Der 55-Jährige und ein Komplize waren ins Visier der Fahnder geraten, weil sie in einen ähnlichen Fall in Oberösterreich verwickelt sein sollen. Im Mühlviertel hatten sie als vermeintliche Bettler an der Haustür eines Bankiers geläutet. Als dessen 61-Jährige Ehefrau öffnete, versuchte einer der Männer, sie in das Haus zu drängen. Doch die Frau schrie lauthals, und die beiden rannten davon. Der Deutsche war Ende April in Tschechien festgenommen und nach Österreich ausgeliefert worden.

Panne bei Geldübergabe war Maria Bögerls Todesurteil
Maria Bögerl hatte offenbar weniger Glück. Informationen des "Stern" zufolge dürfte der Tod der Frau auf eine tragische Panne bei der Geldübergabe zurückzuführen sein. Anders als sonst üblich war nicht die Polizei mit der Organisation des Geldes betraut worden. Sie habe vielmehr der spontanen Idee des Ehemanns des Opfers zugestimmt, dass die kleine Gemeinde Niederstotzingen die Summe beschaffen solle - unter dem Vorwand, dass für ein kommunales Projekt ein Blitzkredit benötigt werde.

Die erste Adresse dafür war die Kreissparkasse Heidenheim, die Hausbank des Ehemanns Thomas Bögerl. Dort sei jedoch die Summe in der geforderten Stückelung nicht vorrätig gewesen. Daher habe man sich an die Bundesbankfiliale im rund 40 Kilometer entfernten Ulm gewandt, die größere Geldmengen lagert. Dem staatlichen Institut sei vorgespielt worden, die Stadtverwaltung stehe in einer wichtigen Verhandlung und brauche dringend Bargeld.

Boten vor verschlossenen Türen

Die Geldboten standen aufgrund der Mittagspause jedoch vor verschlossenen Türen. Erst gegen 13.45 Uhr konnten sie die Scheine in Empfang nehmen. Für den geplanten Übergabetermin um 14 Uhr war das zu spät: Von Ulm bis zum Übergabeort, einer Betriebseinfahrt der Autobahn A7 nördlich von Heidenheim, sind es rund 40 Kilometer.

Noch dazu hatte die Polizei Thomas Bögerl nicht zur nächsten Autobahn-Auffahrt gebracht, wodurch sich für ihn die Fahrstrecke zum Übergabeort um fast zehn Kilometer verkürzt hätte. Sie ließ ihn vielmehr im Rathaus von Niederstotzingen warten, wo er von Beamten der Landespolizei betreut wurde.

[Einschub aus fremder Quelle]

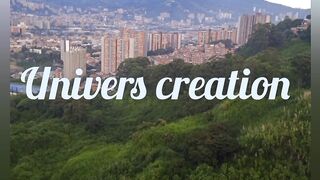 Univers creation 53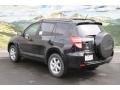 2012 Black Toyota RAV4 V6 Limited 4WD  photo #3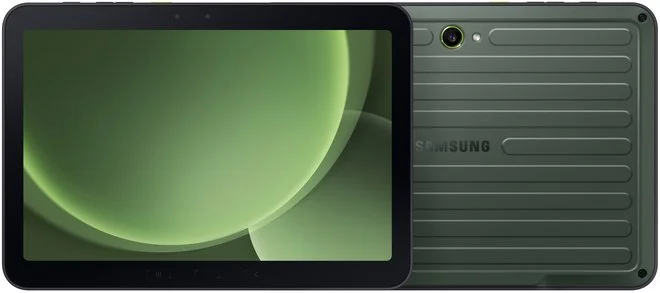 Samsung Galaxy Tab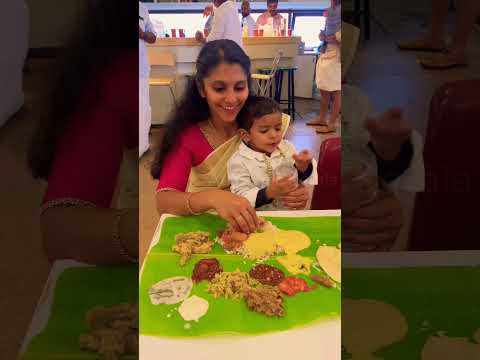 Onam celebration highlights | Belgium | Authentic Kerala #shorts #short #shortsvideo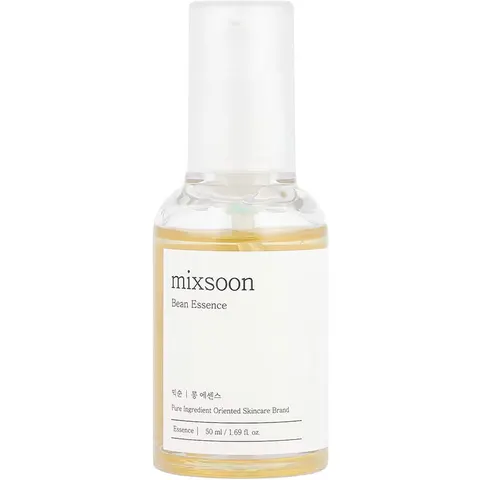 Mixsoon Bean Essence hidratante 50 ml – imagen 2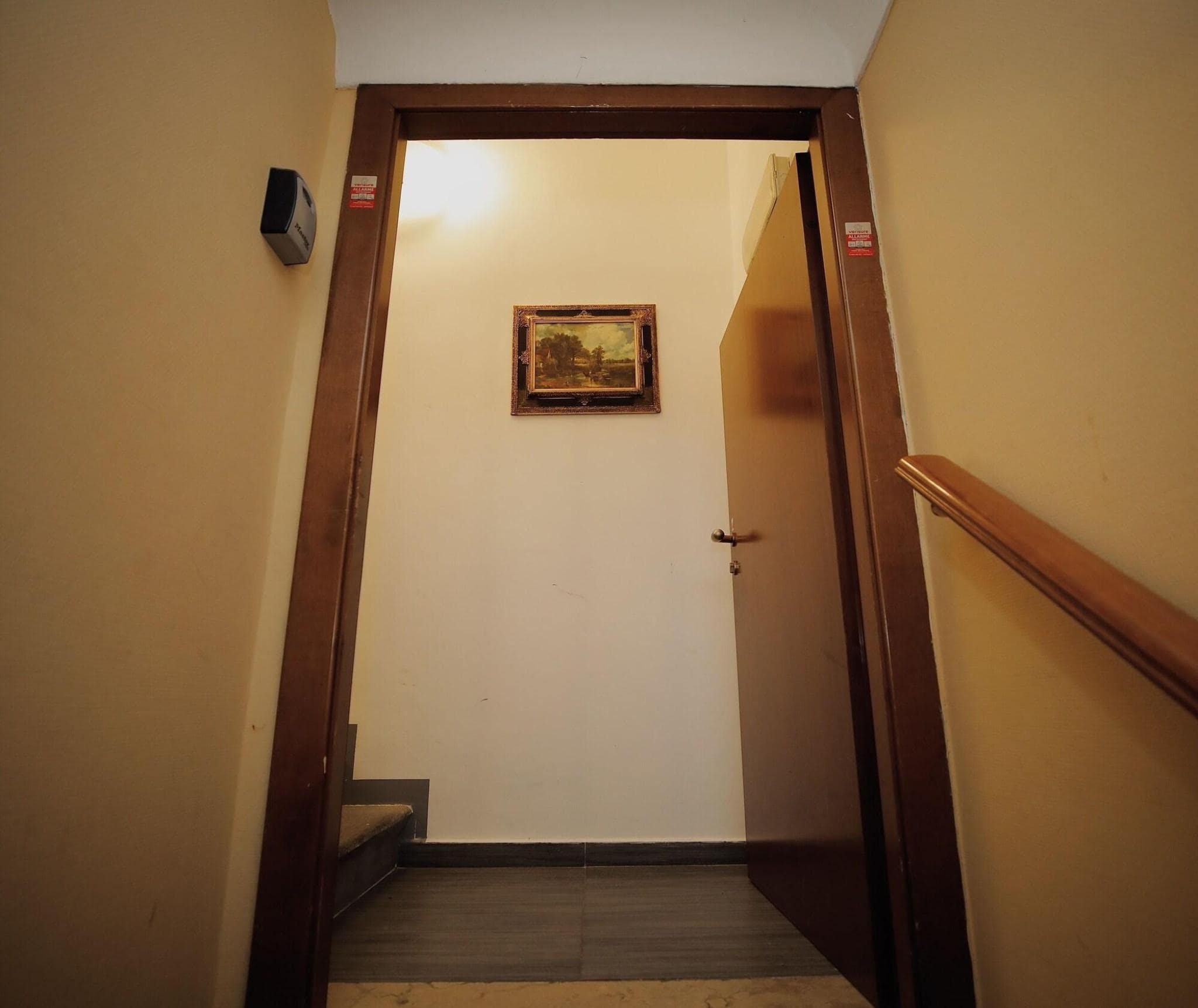 Hosting Dreams Attics Duomo fotoğraf 4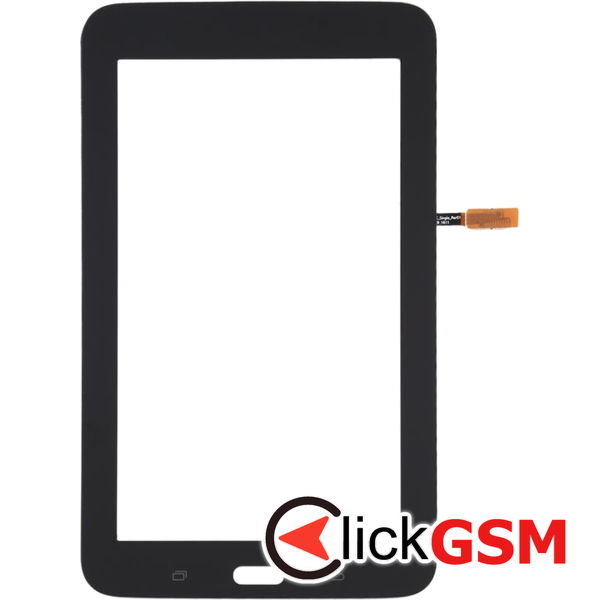 Piesa Touchscreen Black Samsung Galaxy Tab 3 Lite 4edn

Entführer konnte trotz Großaufgebot der Polizei flüchten
Diese folgenschwere Panne war allerdings bei Weitem nicht die einzige. Wie aus internen Unterlagen der Polizei hervorgeht, waren der Entführer und sein Opfer an diesem Tage offenbar sehr nah am Übergabeort, da die Polizei Maria Bögerls Handy nur 500 Meter nördlich davon geortet hatte.

Sondereinsatzkräfte überprüften alle fünf Minuten diese Übergabestelle an der Autobahn, mehrere Einheiten überwachten nahe gelegene Gemeinden. Zusätzlich fuhren Polizeibeamte, als Fahrradfahrer getarnt, durch das umliegende Waldgebiet. Gefasst werden konnte der Entführer trotz dieses großen Aufwandes allerdings nicht.